ZARA:  I think there is a support available from the broader communities, but the problem is that the community need to find out.  And from the   my community, like, the suburb that I'm living is very multicultural, but the problem is that many families, many, you know, members of families they are not connected, they are not engaging with their other community and they think they are separate.

Like, even like, you know, the children they are in same house, they are going to the school and the mums are uneducated as, you know, like, parents staying home.  There is not communicating, there is not engaging between the parents and children.  They are having   you know, the children are having Australian culture.  They are behaving as Australian culture.  The parents is in Afghan culture or you know, home culture, and they have a big gap.  And that   that parents they don't have that engagement with the broader community.  You know, they are only with their community friends from the same community, some same culture. They don't have that engagement, you know.

CHAIR:  Yes.

MUZHGAN:  The support is available, but as I mentioned, the support is available in to English, but not in first language. So, there's no point of having support around you when you don't understand.

CHAIR:  Of course.  Yes.  Well, thank you very much.  I know that things have not been easy in the Goulburn Valley of late, so that it must have been very difficult for you to come here to Melbourne to give evidence.  We are very grateful for you being prepared to make that very considerable effort to come to the Royal Commission today in Melbourne.  Thank you very much for that.

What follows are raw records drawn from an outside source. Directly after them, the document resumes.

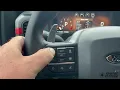 How to Prepare Your Ford Raptor for Off-Road Step-by-Step Drive Mode Setup Tutorial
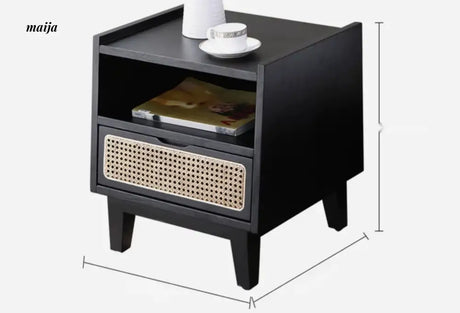 RATTAN CRAFTSMAN Bedside Storage System from RATTAN CRAFTSMAN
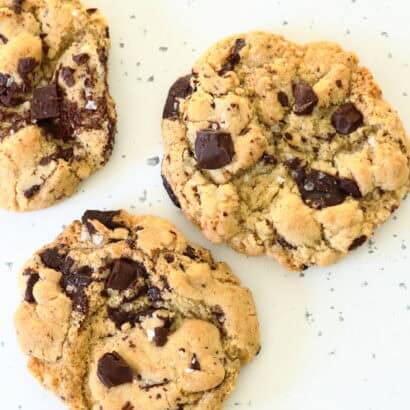 Thumbnail for Sea Salt Chocolate Chip Cookies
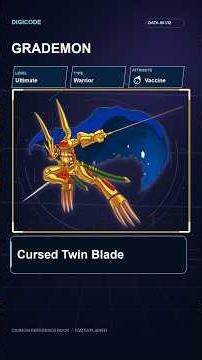 Grademon’s cursed Twin Blade drives foes berserk | #0332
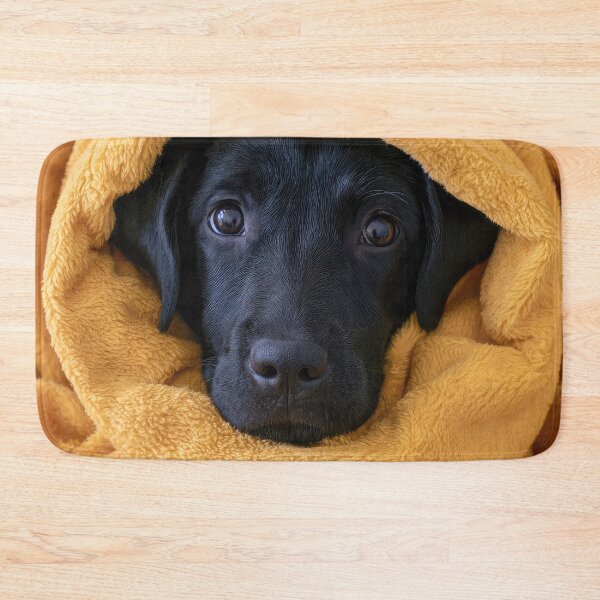 Item preview, Black Lab in Blanket 01 designed and sold by Elisabeth Lucas.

And we also know that it's not easy to talk about personal experiences, and we appreciate that you have been prepared to do that and to share your own experiences and your own stories with us.  And we also want to thank you for the work that you are doing, which is really very, very important.  And the people within your community should be   and I'm sure they are, extremely grateful to you for the contributions that you have made. So, thank you very much for assisting us today.  We have each learned a lot.  Thank you.

EMAN:  Thank you.

ZARA:  And I want to thank you and everyone here that give us that opportunity to be in our    you know, talking about our culture and our   you know, these issues that we have, we're facing and, you know, talk about it and, you know, maybe change for our community.

CHAIR:  It's actually a privilege for us to be able to hear. So, thank you.

ZARA:  Yes.  Thank you.

EMAN:  Thank you.

CHAIR:  Ms Eastman.  We have finished 

MS EASTMAN:  That concludes the evidence for today.  And we will resume tomorrow at 10 am.

CHAIR:  10 am.  Thank you very much. We will now adjourn.